(Records shown)
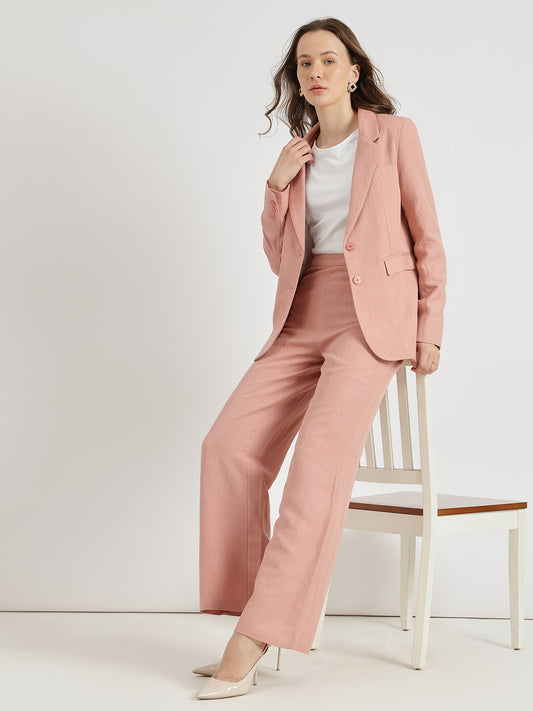 Linen Blazer & Trouser Co-ord Set - Dusty Pink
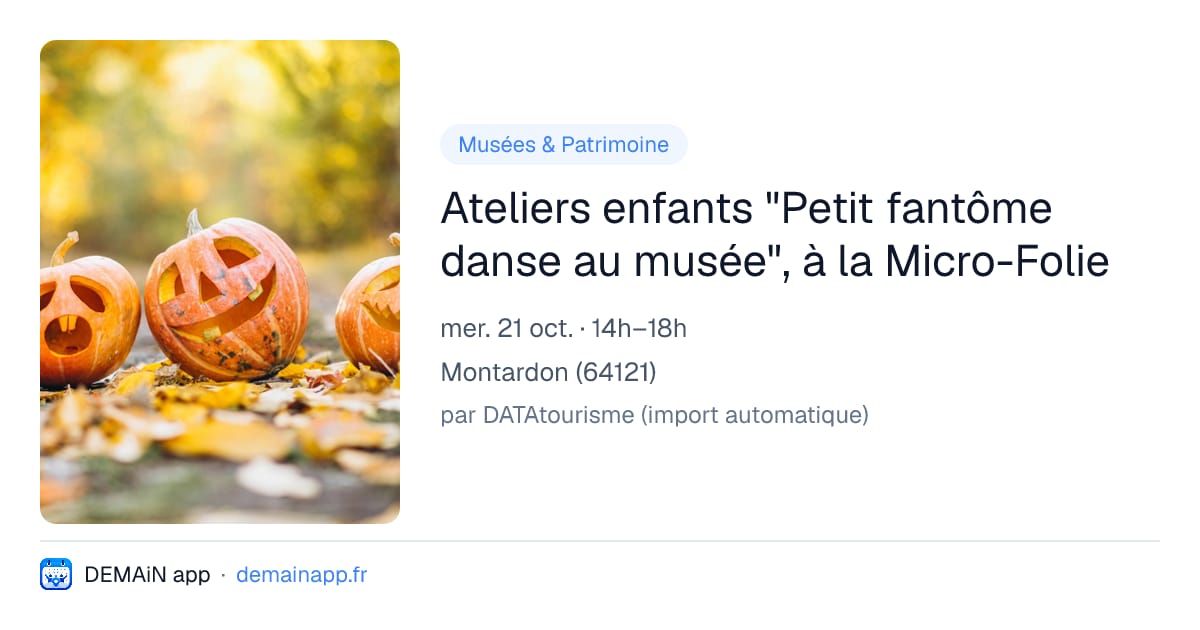 Ateliers enfants "Petit fantôme danse au musée", à la Micro-Folie — Montardon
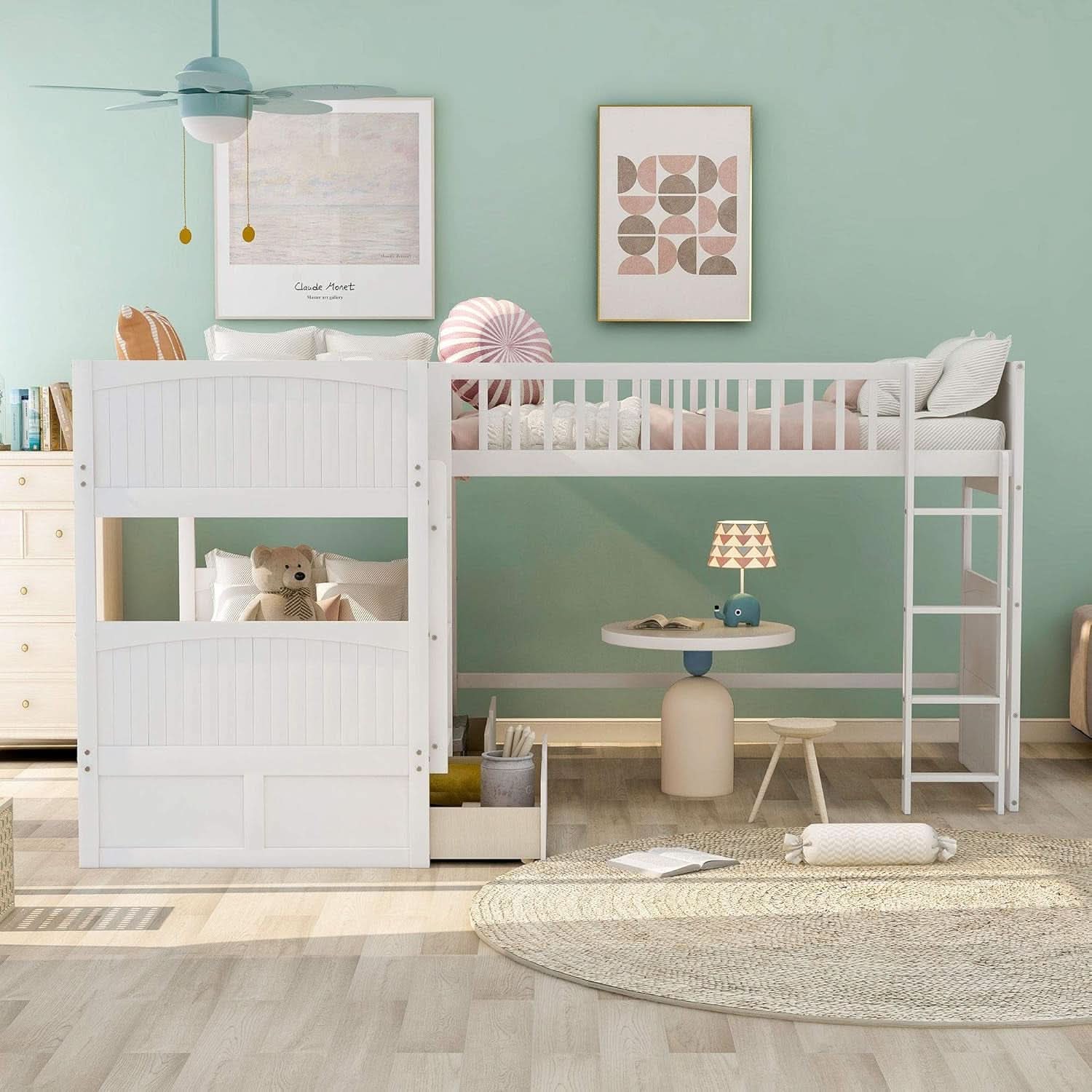 L Shaped Solid Wood Bunk Bed White Twin Over Twin Over Twin With 2 Drawers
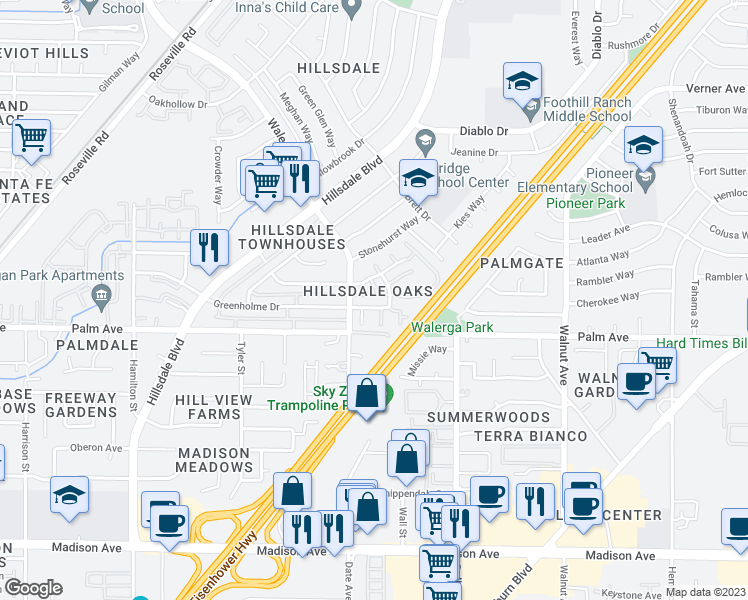 map of restaurants, bars, coffee shops, grocery stores, and more near 4715 Greenholme Drive in Sacramento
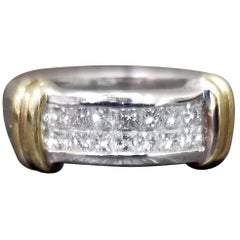 14 Karat 2-Tone Princess Cut Ring .50 pts. in diamonds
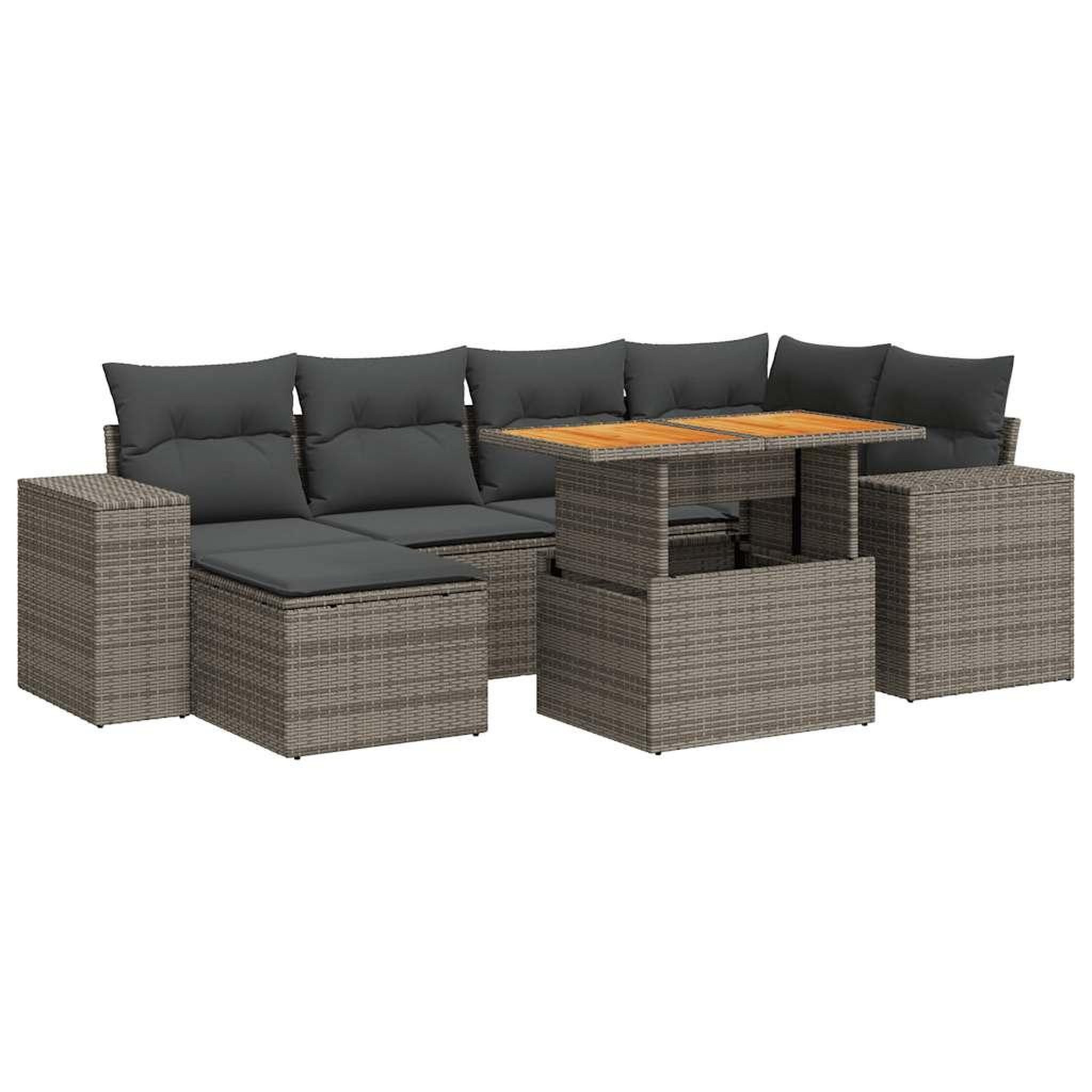 Voir la diapositive 2 : VIDAXL Salon de jardin avec coussins 7 pcs gris resine tressee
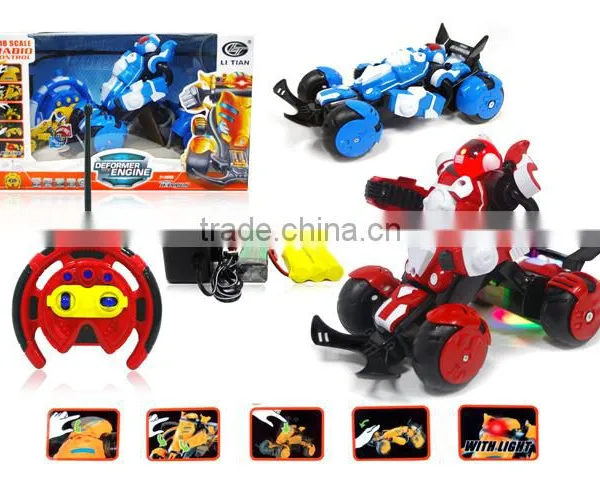 Good Selling! R/C Car,China Children Toy Strong Stability Plastic Toy R/c Deformation Robot Stunt Sports Car With Ligth photo-3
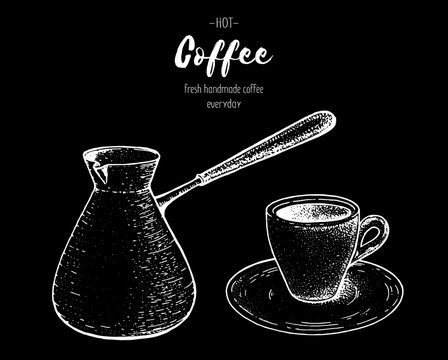 Coffee maker cezve hand drawn sketch. Vintage vector illustration. Make espresso coffee.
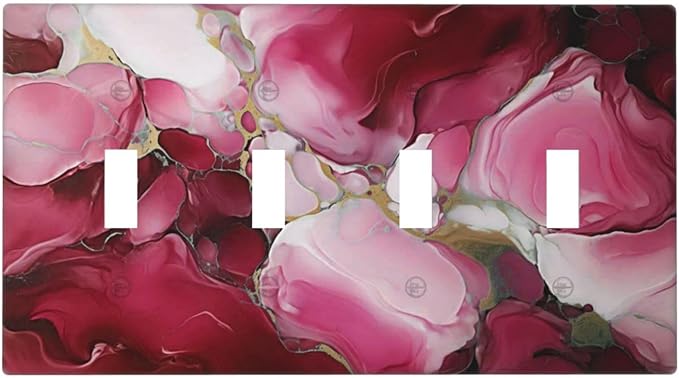 Decorative Light Switch Cover Plate Abstract Luxury Red Gold Marble Textures 4 Gang Wall Plate Oversized Quad Toggle Switch Cover Plate Jumbo Electrical Face Plate for Bedroom Decor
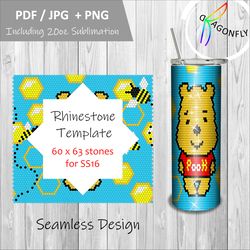 Honey Bear 4 mm or SS16 for 20 oz | Pooh Bear Inspired Pattern Rhinestone Template - 105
(End Records shown)
- _Problem description_
Your answer must be the full listing, word for word, minus any images.

- _Reply to the task_
 Linen Blazer & Trouser Co-ord Set - Dusty Pink
 Ateliers enfants "Petit fantôme danse au musée", à la Micro-Folie — Montardon
 L Shaped Solid Wood Bunk Bed White Twin Over Twin Over Twin With 2 Drawers
 map of restaurants, bars, coffee shops, grocery stores, and more near 4715 Greenholme Drive in Sacramento
 14 Karat 2-Tone Princess Cut Ring .50 pts. in diamonds
 Voir la diapositive 2 : VIDAXL Salon de jardin avec coussins 7 pcs gris resine tressee
 Good Selling! R/C Car,China Children Toy Strong Stability Plastic Toy R/c Deformation Robot Stunt Sports Car With Ligth photo-3
 Coffee maker cezve hand drawn sketch. Vintage vector illustration. Make espresso coffee.
 Decorative Light Switch Cover Plate Abstract Luxury Red Gold Marble Textures 4 Gang Wall Plate Oversized Quad Toggle Switch Cover Plate Jumbo Electrical Face Plate for Bedroom Decor
 Honey Bear 4 mm or SS16 for 20 oz | Pooh Bear Inspired Pattern Rhinestone Template - 105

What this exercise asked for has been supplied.